Understanding that not every bracket could possibly be catered for in one project - considering it is aimed at the next generation and young people - what about those who are employed and volunteering within the arts and cultural sector? Or those over 24? What about those who have exerted high levels of interest and have tried to gain as much experience, but as a consequence of the credit crunch and the state of the economy have had to work in other sectors whilst finding internships and voluntary work. Yes, it is a scheme that is catering for the younger generation, but what is wrong with extending this to 30? Or to those who are working? Knowing full well that there are still those out there struggling to get into the sector or gain employable experience.

Something needs to be done about the lost generation, people of my age (26), who have been trying to get into the sector, through a variety of means since they have left university. There is a noticeable gap because there has been very little aid to those who have had to work in a variety of different sectors whilst trying to find employable experience within the past five years.

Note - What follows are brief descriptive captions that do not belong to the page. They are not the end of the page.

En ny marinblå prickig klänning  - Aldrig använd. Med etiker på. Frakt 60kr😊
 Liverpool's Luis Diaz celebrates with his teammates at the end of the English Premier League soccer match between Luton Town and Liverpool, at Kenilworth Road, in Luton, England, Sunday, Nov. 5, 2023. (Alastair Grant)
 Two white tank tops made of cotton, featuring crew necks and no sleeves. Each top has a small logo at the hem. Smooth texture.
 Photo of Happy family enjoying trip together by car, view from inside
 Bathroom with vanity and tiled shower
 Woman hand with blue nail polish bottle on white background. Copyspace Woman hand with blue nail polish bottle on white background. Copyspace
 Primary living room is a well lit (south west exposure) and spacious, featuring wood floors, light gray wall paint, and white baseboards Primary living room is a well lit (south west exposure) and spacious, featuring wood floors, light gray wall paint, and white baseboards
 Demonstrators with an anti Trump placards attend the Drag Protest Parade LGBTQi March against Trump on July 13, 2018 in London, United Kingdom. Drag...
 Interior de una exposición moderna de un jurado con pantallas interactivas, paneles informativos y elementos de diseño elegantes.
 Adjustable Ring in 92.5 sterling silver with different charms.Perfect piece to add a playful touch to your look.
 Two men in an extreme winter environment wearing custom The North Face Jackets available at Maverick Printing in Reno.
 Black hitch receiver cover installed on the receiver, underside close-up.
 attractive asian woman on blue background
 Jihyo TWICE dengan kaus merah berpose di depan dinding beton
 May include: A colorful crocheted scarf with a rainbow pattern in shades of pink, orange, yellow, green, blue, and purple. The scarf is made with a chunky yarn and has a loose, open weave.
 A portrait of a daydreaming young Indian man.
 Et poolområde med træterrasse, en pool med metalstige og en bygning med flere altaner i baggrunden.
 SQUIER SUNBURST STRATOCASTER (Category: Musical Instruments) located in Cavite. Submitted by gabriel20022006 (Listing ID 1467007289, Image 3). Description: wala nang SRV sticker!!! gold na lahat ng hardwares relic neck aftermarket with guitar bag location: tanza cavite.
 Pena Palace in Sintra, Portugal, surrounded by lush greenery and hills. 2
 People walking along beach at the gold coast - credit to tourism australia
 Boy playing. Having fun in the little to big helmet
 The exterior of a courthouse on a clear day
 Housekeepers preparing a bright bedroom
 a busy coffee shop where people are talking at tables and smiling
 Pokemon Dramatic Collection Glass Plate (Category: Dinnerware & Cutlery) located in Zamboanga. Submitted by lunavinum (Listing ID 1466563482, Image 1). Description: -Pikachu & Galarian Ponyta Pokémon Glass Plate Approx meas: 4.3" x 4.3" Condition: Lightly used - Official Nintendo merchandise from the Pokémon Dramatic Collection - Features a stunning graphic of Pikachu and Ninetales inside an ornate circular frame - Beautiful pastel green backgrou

I suppose what I'm trying to say, is that its fair(ish) not fairer and makes it even harder for those who have done the above to gain employment in the sector, due to lacking experience in the sector that is 'employable'. Maybe entry level jobs should be created for all, not just for the unemployed or those under 24.
Anonymous
MA Member
12.09.2012, 18:29
I agree totally. I'm 27 and your point sums up my last five years perfectly. This does nothing for me except make it even tougher for me to get through to a position. Great for 'the next generation' but I think I am one example of proof that there has still been an overlooked 'lost generation'. A shame.
Anonymous
MA Member
12.09.2012, 19:32
Yes, I'm exactly in the same position at 26. And I would give my right arm for an opportunity like this to get into the sector.
Anonymous
12.09.2012, 16:46
Absolutely right - the Museum/Heritage sector is full of highly qualified graduates aged 30 and over who are still struggling on part-time entry level jobs because they are never given the opportunity to progress. It is they who need access to additional skills first if they are ever to have homes and families of their own. Further competition in an over-crowded field is the last thing they need.
Anonymous
MA Member
12.09.2012, 16:58
'Further competition in an over-crowded field is the last thing they need.' - Precisely!